Date of Conferral





Counselor Education and Supervision


Melinda Haley


With the increase in pressures related to teaching online, counselor educators are experiencing greater amounts of burnout. The purpose of this quantitative causal-comparative survey study was to assess for significant differences and correlations between synchronous and asynchronous communication modes on online counselor educators' job satisfaction levels as measured by the Online Instructor Satisfaction Measure, and levels of burnout, as measured by the Maslach Burnout Inventory Educators Survey.

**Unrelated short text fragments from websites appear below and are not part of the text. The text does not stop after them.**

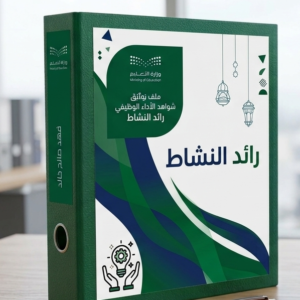 ملف إنجاز الموجه الطلابي (نسخة)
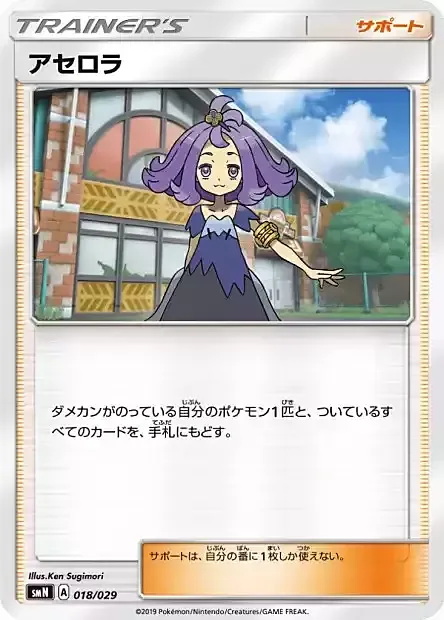 Acerola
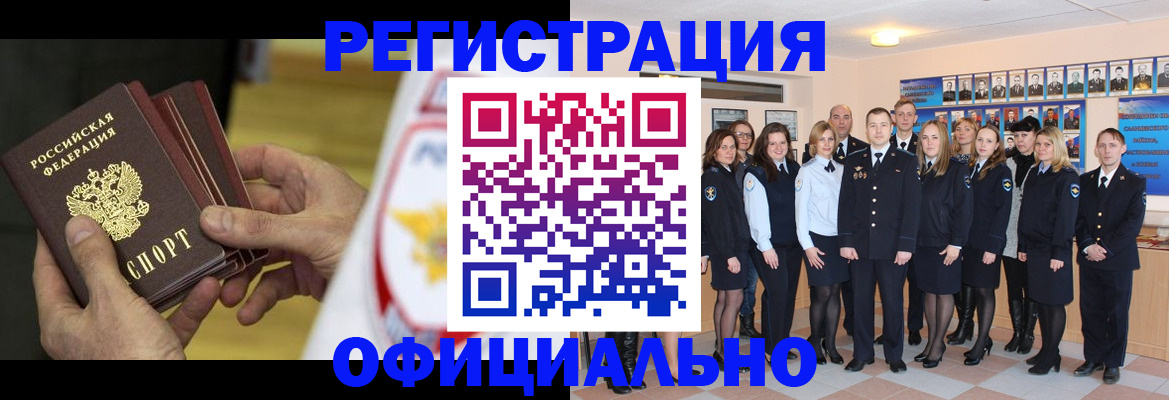 прописка для работы в Татарстане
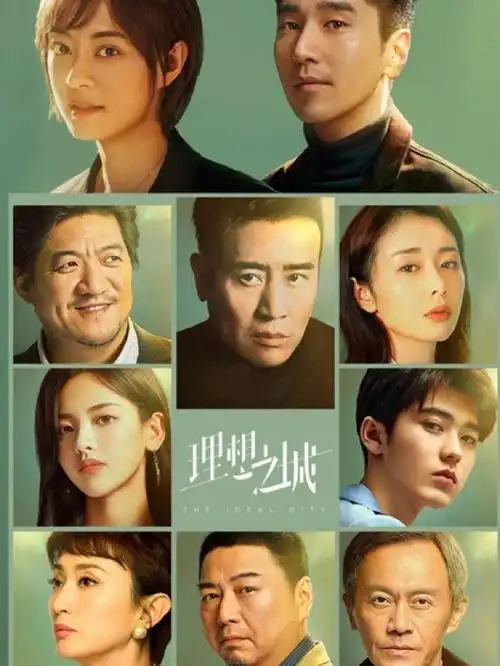 理想之城开放式结局很好啊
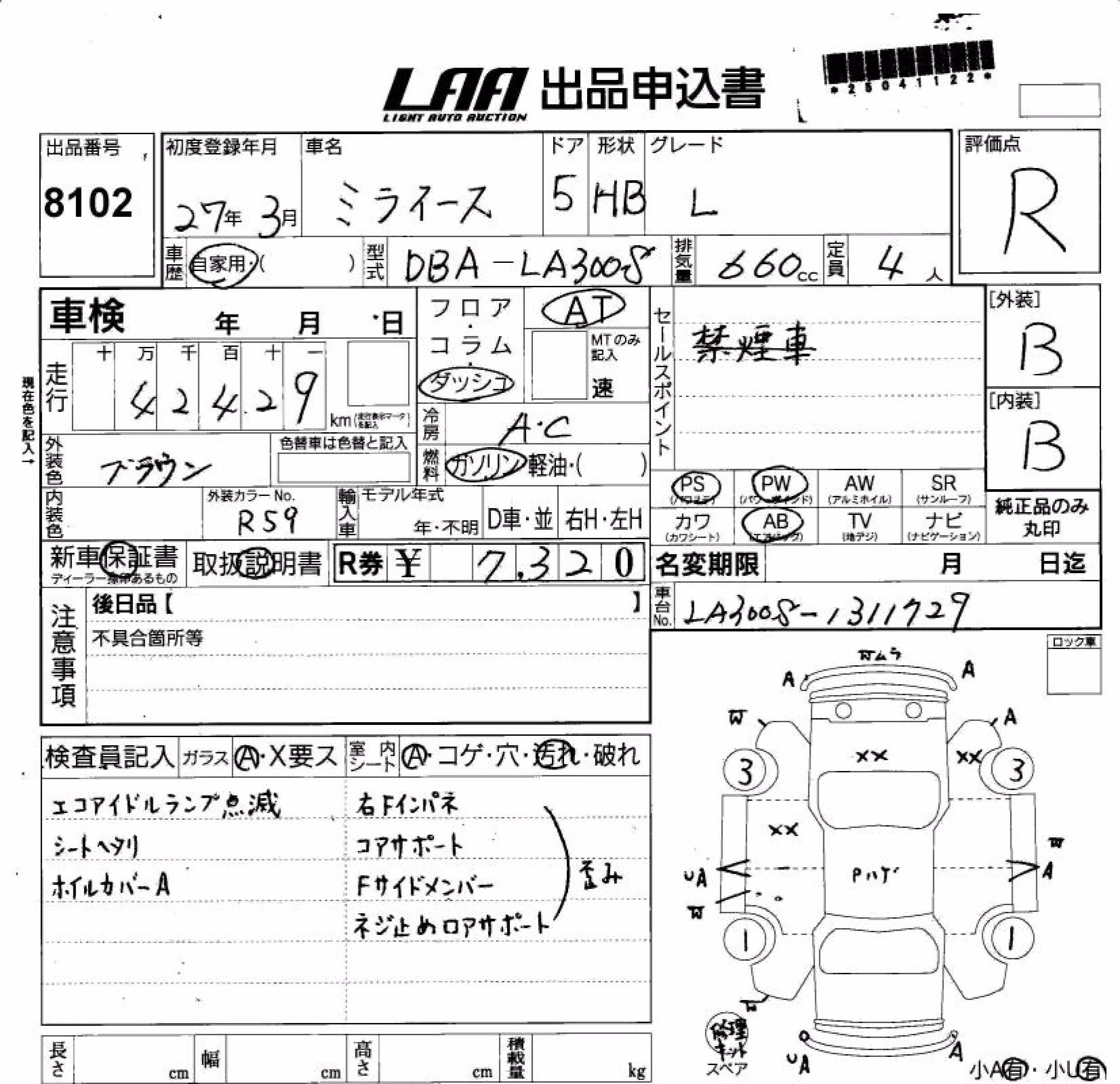 DAIHATSU MIRA E:S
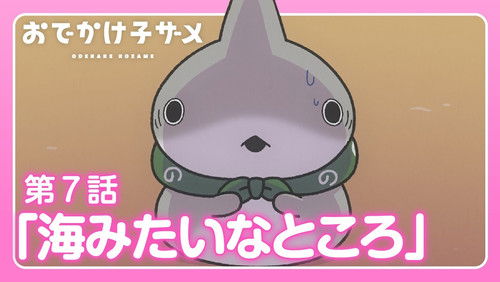 Odekake Kozame – Episódio 7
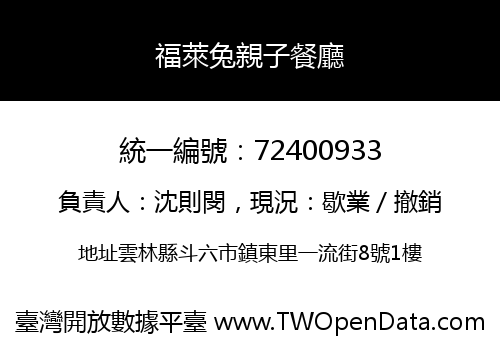 福萊兔親子餐廳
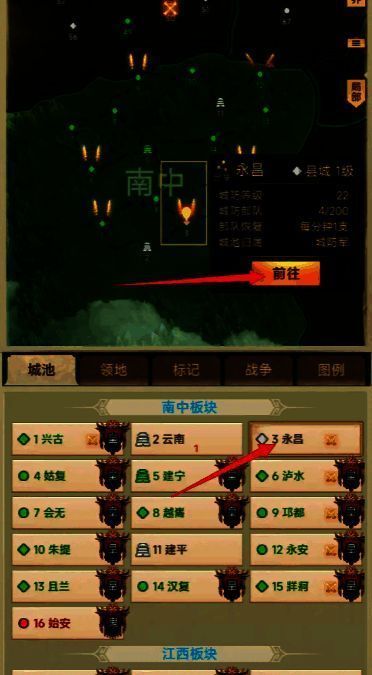 三国问鼎山河城池相关图2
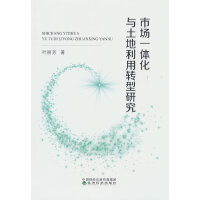 �Ј�(ch��ng)һ�w���c���������D(zhu��n)���о�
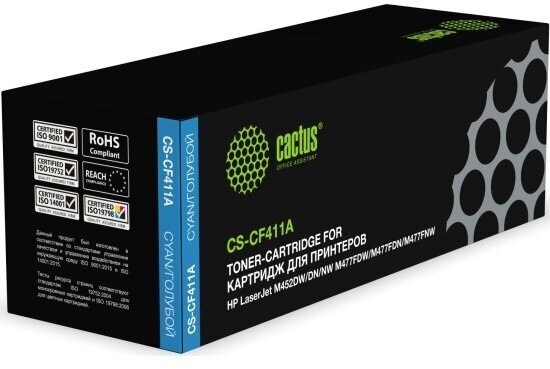 Тонер Картридж Cactus CS-CF411A голубой (2300стр.) для HP LJ M452DW/DN/NW M477FDW/M477FDN/M477FNW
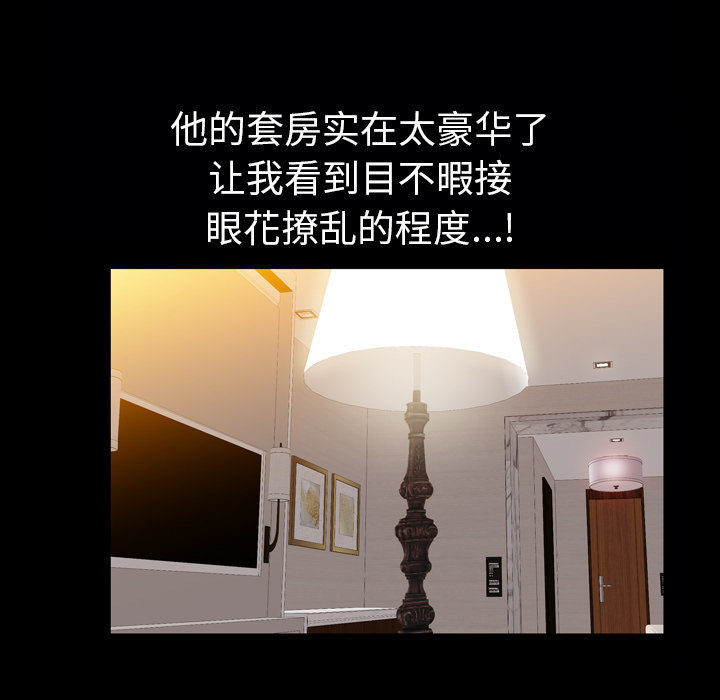 他的她 他的她：1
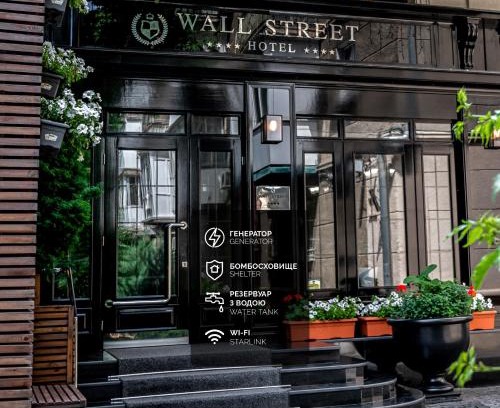 Odessa City Center Hotel | Wall Street - Maestro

The researcher used Moore's theory of transactional distance as the theoretical framework to answer 2 research questions: (a) Is there a significant difference in faculty satisfaction and burnout levels based on communication modes?; and (b) Is there a relationship between satisfaction and burnout for faculty members depending on their use of synchronous and asynchronous communication modes? The researcher solicited participants for the study through the CESNET listserv and the CACREP graduate program database. A total of 125 participants completed surveys and 2 data analysis techniques were used. Results of the t test indicated that counselor educators had significantly higher levels of satisfaction, higher levels of personal accomplishment and significantly lower levels of emotional exhaustion when using synchronous communications. The Pearson correlation analysis results indicated significant correlations between satisfaction, emotional exhaustion, depersonalization, and personal accomplishment depending on the type of communications. The study will potentially contribute to social change by providing information useful for the implementation of teaching methods that improve overall faculty satisfaction and decrease burnout.